“盯緊雪梨。”周餘弦道,摟着任竹又往牆角縮了一點,給倉皇混亂的人讓路,兩人藉着其他人手機發出的光芒儘量朝雪梨方向望去,但人頭攢動中,很難看清。
“大家不要亂動,給了兇手可趁之機!”詹姆斯可能也意識到了自己犯下的錯,又跑回了大廳,大喊道,砰的朝天花板開了一槍。
忽然,屋裡的燈光閃了兩下,又亮了起來。
所有人都駭然不動,不知是被詹姆斯威懾到了,還是被突然的來電嚇得。
屋裡安靜片刻後,驚叫聲此起彼伏……一具屍體仰面倒在了卡座區的一張桌上,頭倒懸空。
那是援交妹的屍體!
她上半身的深V禮服被撕開了,豐滿的胸完全裸露,雙峰正中插着一把刀,一把跟殺死禿頭男的一模一樣的水果刀。她大張着嘴,好像是將要慘叫,卻沒來得及發出。鮮血順着她脖子、臉,一滴一滴,滴在了地上。
“你都做了什麼?是你殺了他!”在一邊小舞臺上的鼓手突然奪過了吉他手的電吉他,朝站在援交妹屍體旁嚇得六神無主、不住顫抖的老男人衝過去,掄起吉他,就往老男人的頭拍去。

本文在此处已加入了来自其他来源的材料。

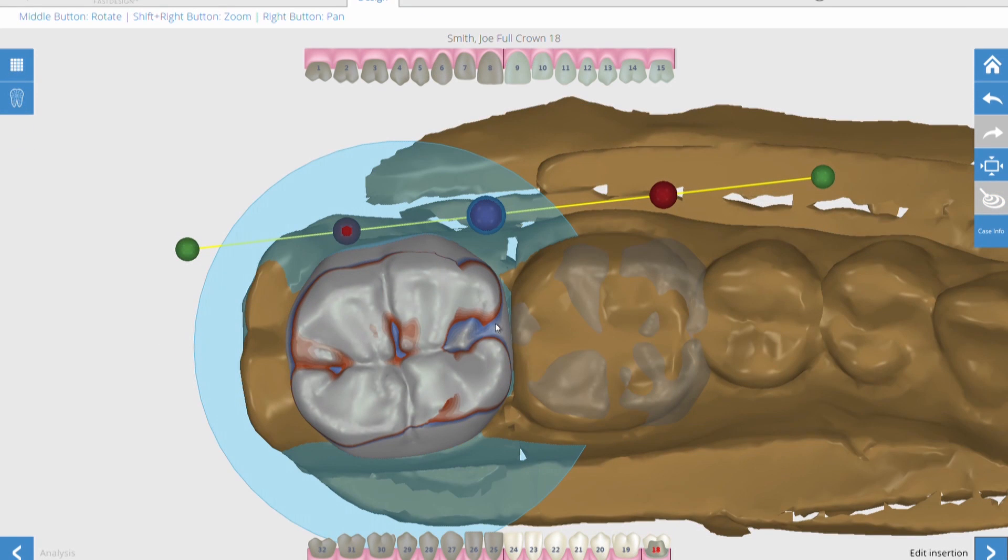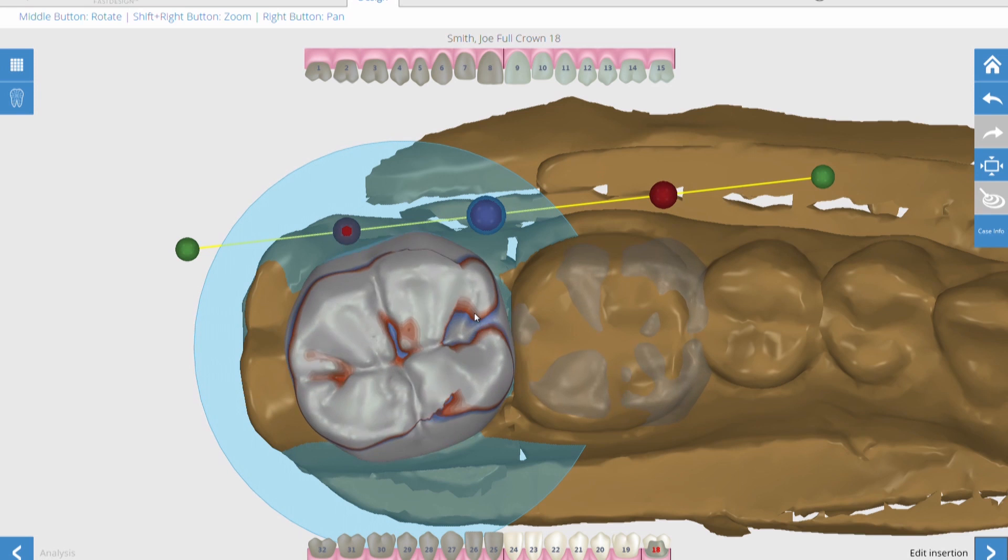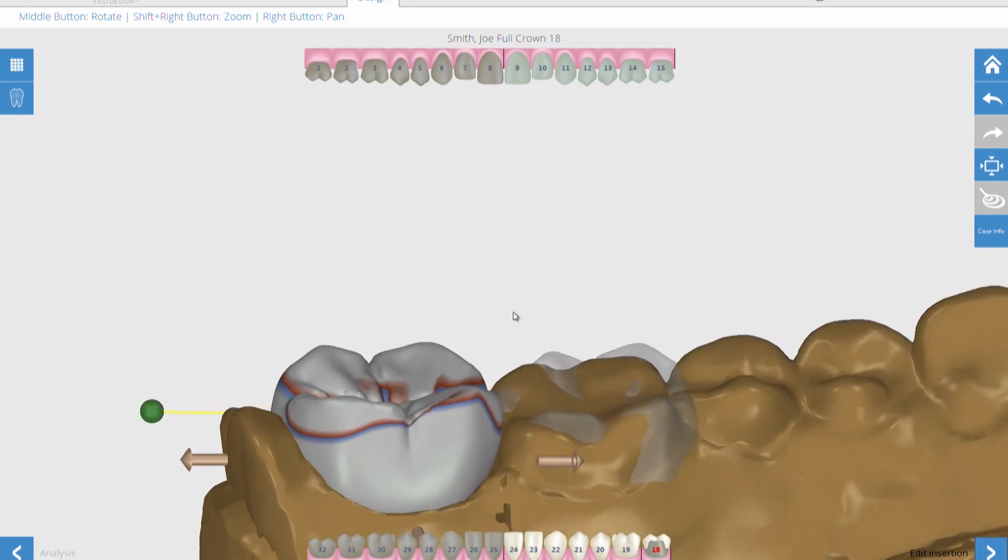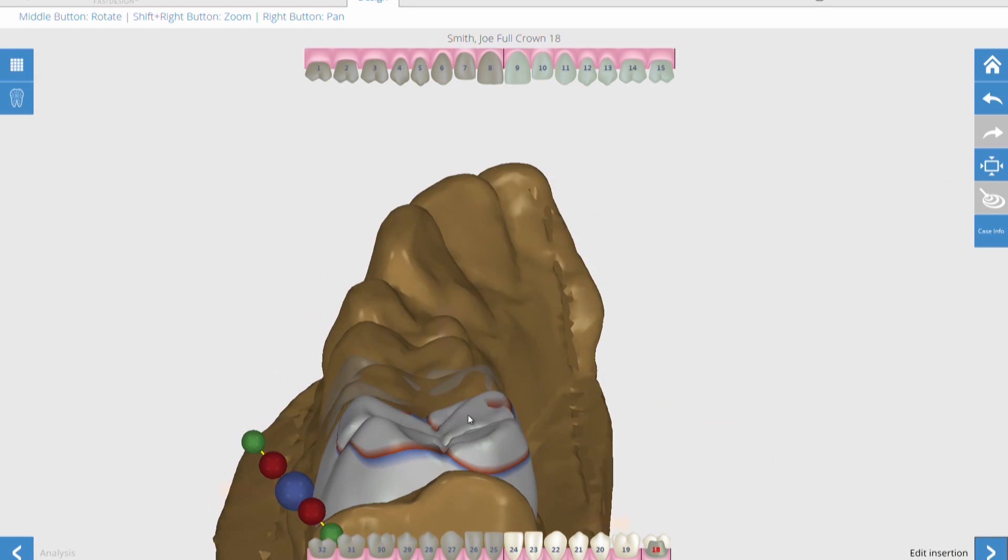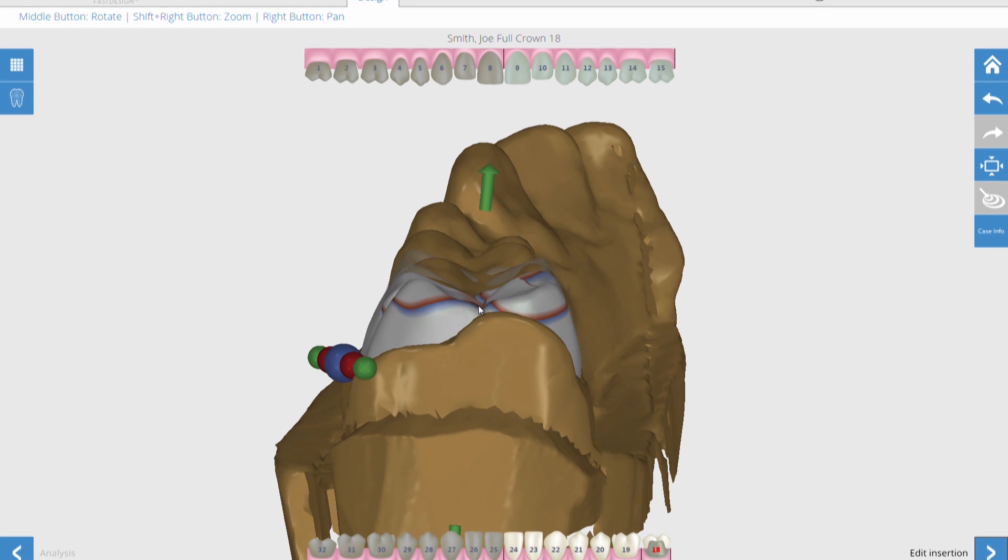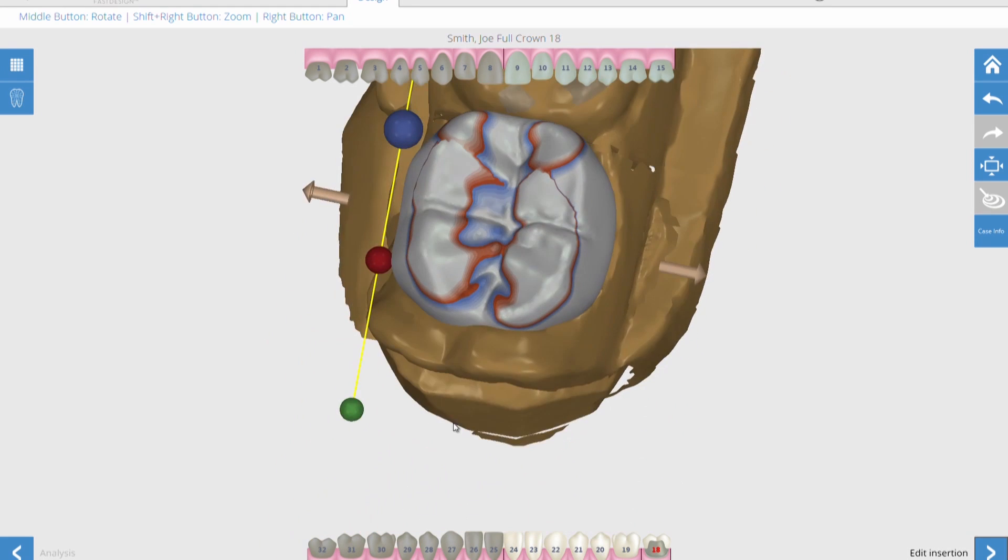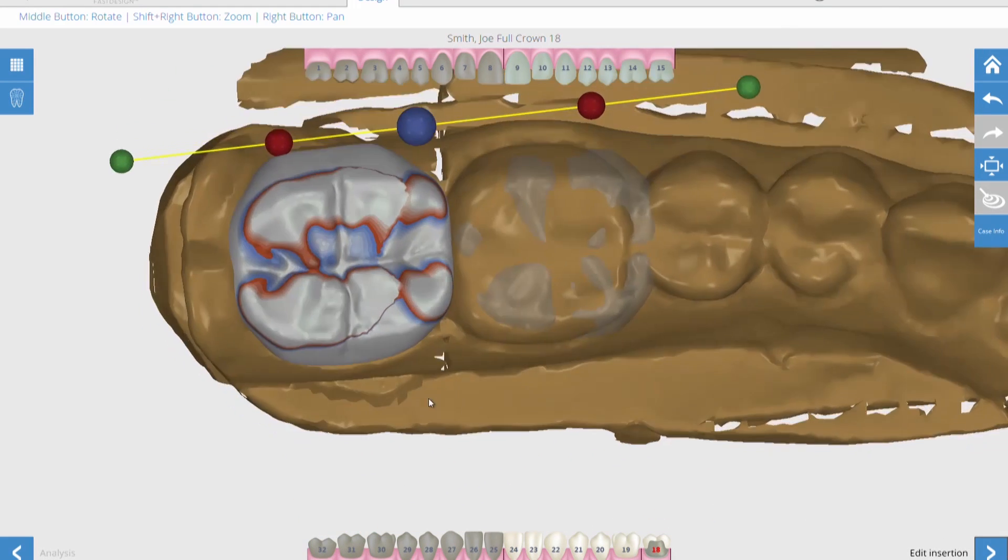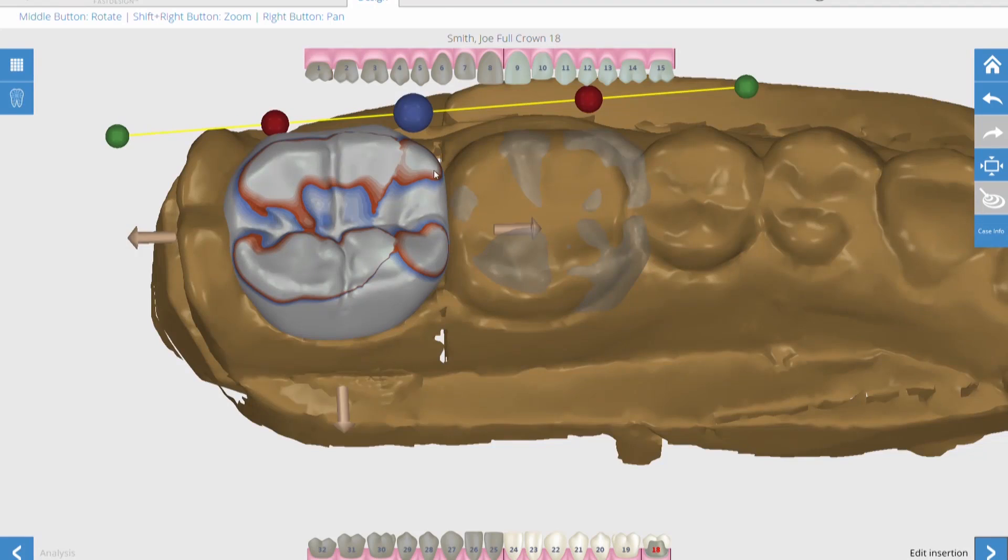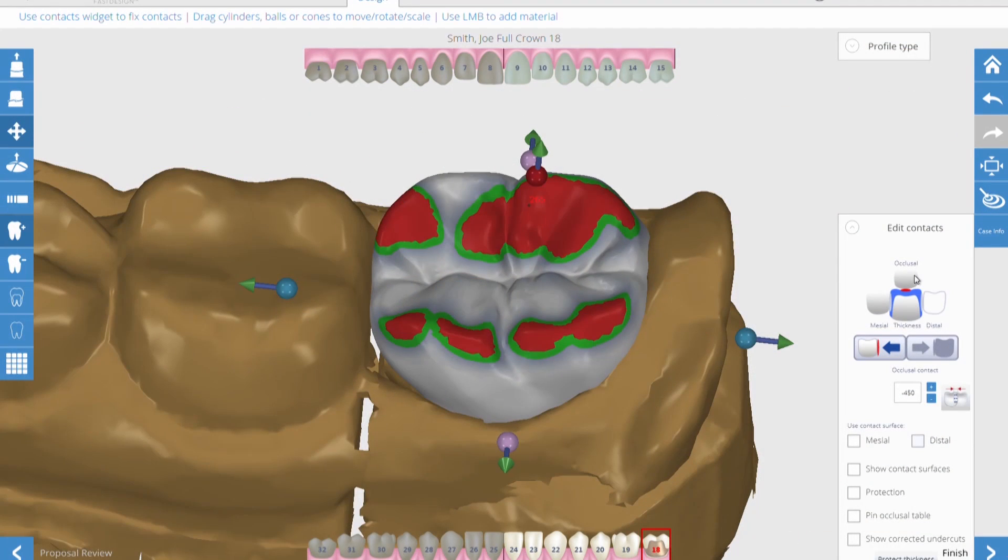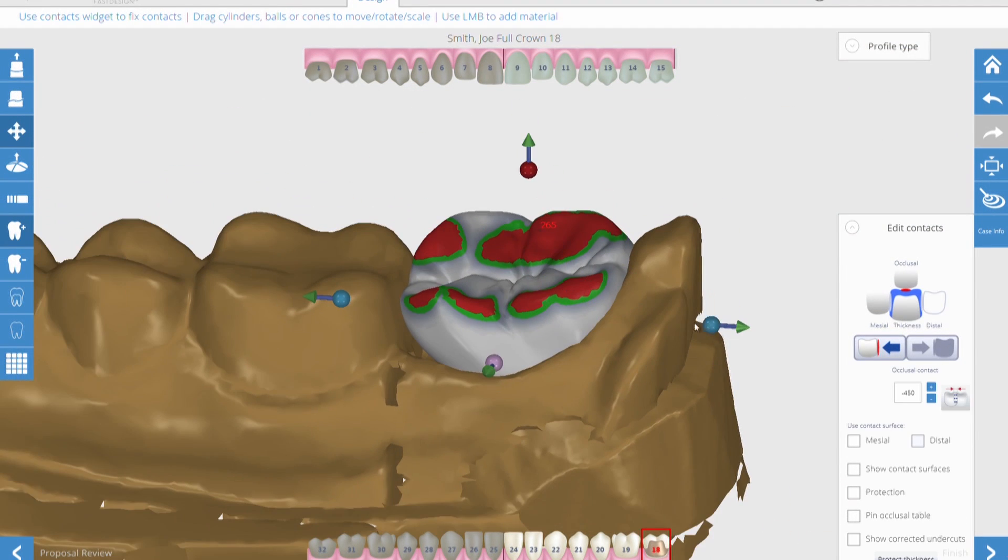Then it proposes a crown and rotates it into place. It takes from the anatomy library that we have in the cloud and brings down the most likely crown for that, puts it into place, and then matches up the marginal ridges and the width of the cusps with the adjacent tooth. And you can certainly play with that as much or as little as you want.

老男人下意識擡胳膊格擋,還是被打得一屁股坐在了地上。
鼓手雙目噴火,惱怒異常,舉起吉他想繼續打,被詹姆斯阻止了。看鼓手生氣的模樣,不是跟援交妹有一腿,就是兩人同在一個酒吧謀生計,感情不錯。
剛纔不過一會兒功夫,援交妹也被悄無聲息地殺死,鼓手當然有理由懷疑是離她最近的老男人動的手。
而周餘弦跟任竹發現,他們一直關注在意的雪梨已經躲到了吧檯裡去了,倒是毫髮無損。
一連連死兩個分裂人格,周餘弦震驚又疑惑,道:“哈薩利好像打錯了算盤,怎麼殘暴人格殺的盡是其他人格,似乎對雪梨一點興趣都沒有……”
任竹道:“會不會是……是殘暴人格打算殺死其他幾個人格,獨霸哈薩利的身體?”
“該死的!老闆,你就待在電閘那兒,別出來……”這時,只聽詹姆斯衝後廚的老闆大喊了聲,用槍“請”鼓手滾到了一邊去,他抓住老男人的衣領,把老男人推到了基佬坐的長沙
發上。
“你兩個人妖,有殺了禿頭先生的嫌疑。”詹姆斯用“人妖”這個詞,毫不掩飾自己對同性戀的厭惡,又指着老男人道:“而你,有殺了那位女士的嫌疑!所以你們三個傢伙都給我老實點兒待在這裡,不然,我只能讓你們嚐嚐膝蓋中槍的滋味了,明白嗎?”
老男人跟基佬兩人嚇得魂不附體,連聲喊冤,基佬的愛人大鬍子叫道:“警官,我發誓我們什麼都沒幹!我們一直、一直忙着親熱,根本都不知道怎麼回事,那禿頭先生我們也從來不認識……”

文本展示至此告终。